Cuttings
Cuttings examines how human action inscribes itself onto the natural landscape, moving between large‑scale interventions in terrain and the more intimate, ritualised gestures of clearing vegetation. The series considers how these acts of alteration shape our understanding of place.
Within a Western framework, location is often defined through the segmentation of land. Roads, fences, boundaries and signposts divide the environment into legible units that guide navigation and influence how place is valued and constructed. Major cuttings through bushland for electricity corridors or road networks reconfigure the terrain for convenience and connection, while extensive areas of native vegetation are removed and replaced with pine plantations intended for future harvest.

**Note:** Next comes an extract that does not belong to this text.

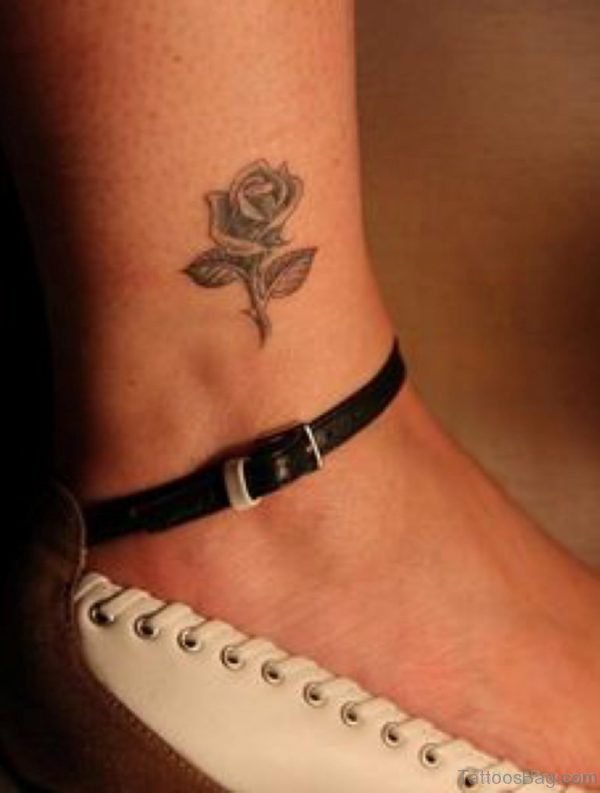 Small Rose Tattoo On Ankle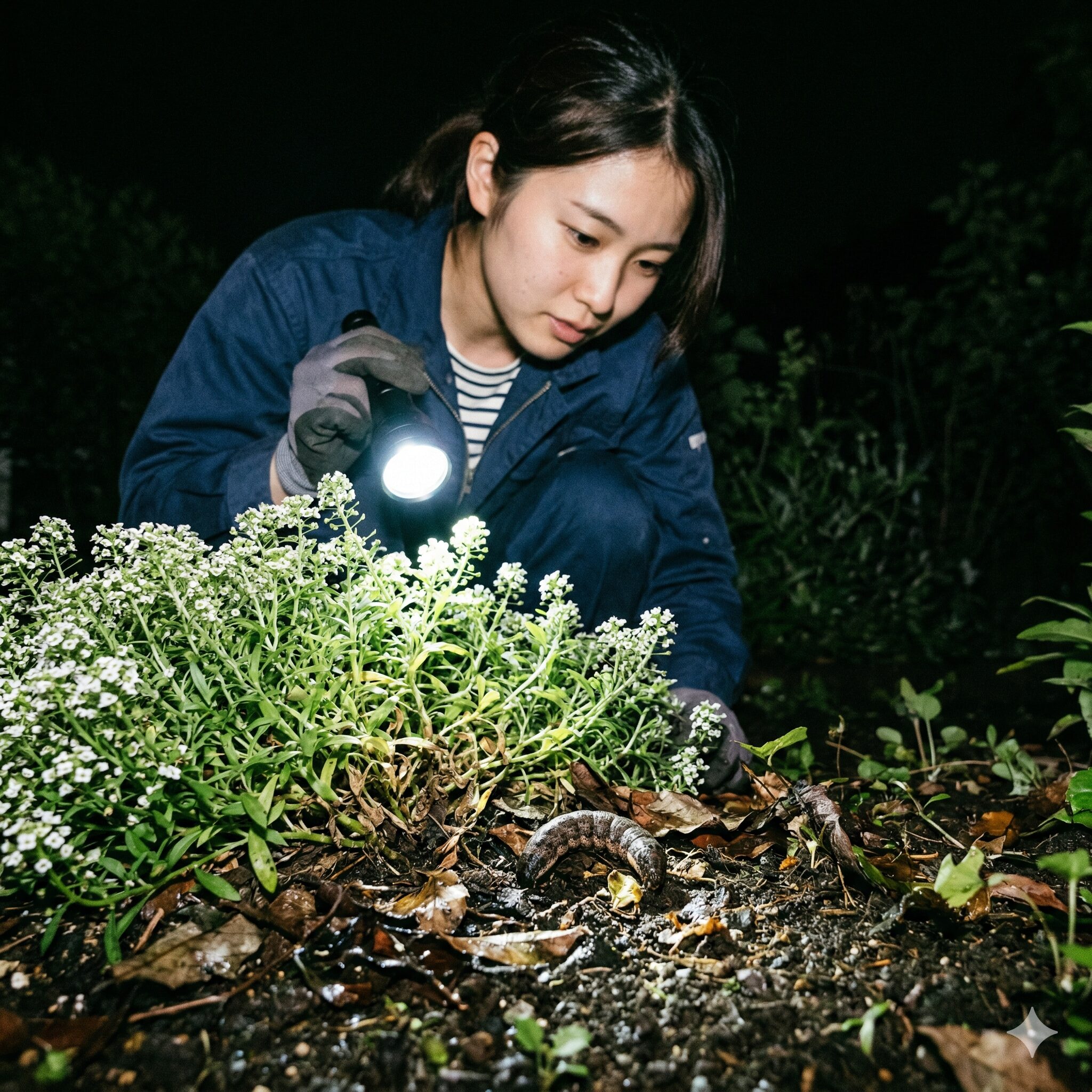 スイートアリッサム 虫4　夜間にスイートアリッサムの株元から現れたヨトウムシの駆除イメージ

Alongside these expansive transformations, the series turns to close-up evidence of intervention. Images of severed stems and branches created during hazard‑reduction work ahead of the bushfire season, offer a micro view of landscape alteration. Through the acts of cutting, collecting and binding, these fragments become objects with symbolic weight that speak to both protection and disruption.
As enquiries into landscape, the works present the natural environment as part of the industrialised world rather than an untouched Arcadian ideal. Cuttings reveals a landscape in flux, shaped and reshaped by human intention and marked by the traces of ongoing intervention.
Exhibited at Collab at Pine Street Gallery in 2017.